Ingalls apparently also will get engineering contracts for a series of improvements to five of the Navy's Ticonderoga-class cruisers under a plan worked out by Defense Secretary William S. Cohen and Senate Majority Leader Trent Lott of Mississippi.
The plan will give Ingalls a total of eight destroyer contracts over four years, with six other ships going to Bath Iron Works in Maine. Each additional destroyer will be worth more than $700 million to Ingalls; contracts for engineering work on the cruiser improvements could mean more than $100 million to the yard, Lott has estimated.
The Navy had urged Congress to provide funds in 1998 for a 13th destroyer, saying it could achieve substantial savings by adding that ship to the 12-ship contract it has negotiated with Ingalls and Bath. A senior Defense official said Thursday that Cohen agreed to reshuffle other accounts within the Pentagon to come up with funds for a 14th destroyer in 2001.
The secretary's promise on that point could be critical to the Navy, which otherwise would have to find the additional $700 million entirely within its own budget.

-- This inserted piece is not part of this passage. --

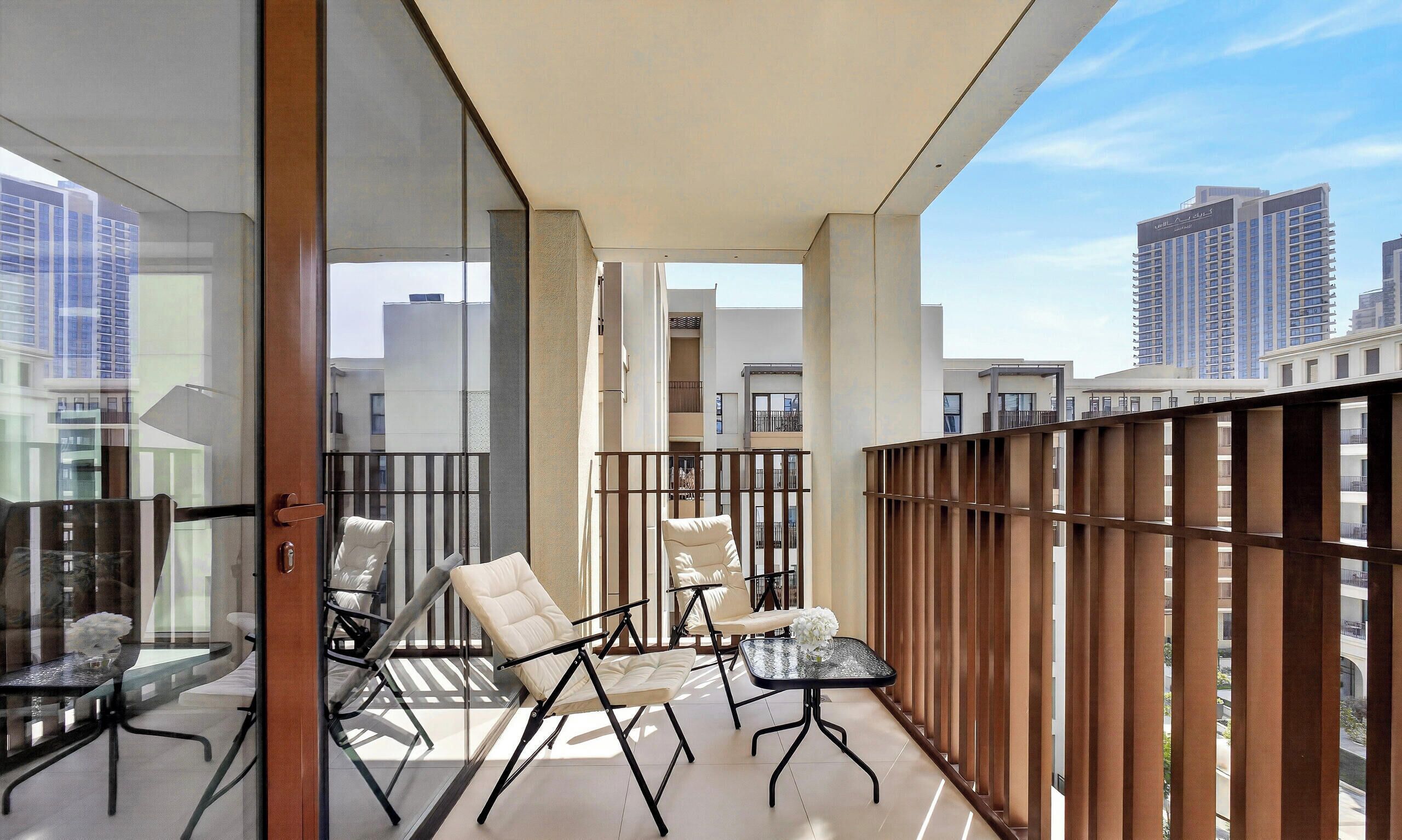 A balcony with modern furniture, glass walls, and a view of high-rise buildings.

With plans in the works to begin developing next-generation aircraft carriers and surface combatants and to begin building a new attack submarine during the next five years, service officials have said they have nothing to spare in their shipbuilding accounts.
The five cruisers to get upgrades, including a new missile defense system, a new 5-inch gun capable of firing rocket-assisted shells at targets up to 75 miles away, and other improved air defenses, have not been selected. While Ingalls, which designed the Ticonderoga-class ships, apparently has been promised contracts for engineering work connected to the changes, a Navy official said contracts for the actual upgrades will be competitively bid.
Eight Ticonderoga-class cruisers currently are based in Norfolk.
Lott has been threatening to hold up a variety of Navy weapons programs in retaliation for Ingalls' loss last fall in competition for a new class of amphibious ships, the LPD-17. Newport News Shipbuilding was a partner with Ingalls in that project.
Though the Ingalls-Newport News bid was the lowest submitted, the LPD-17 contract went to a team composed of Avondale Industries of New Orleans, Bath Iron Works and Hughes Electronics Corp.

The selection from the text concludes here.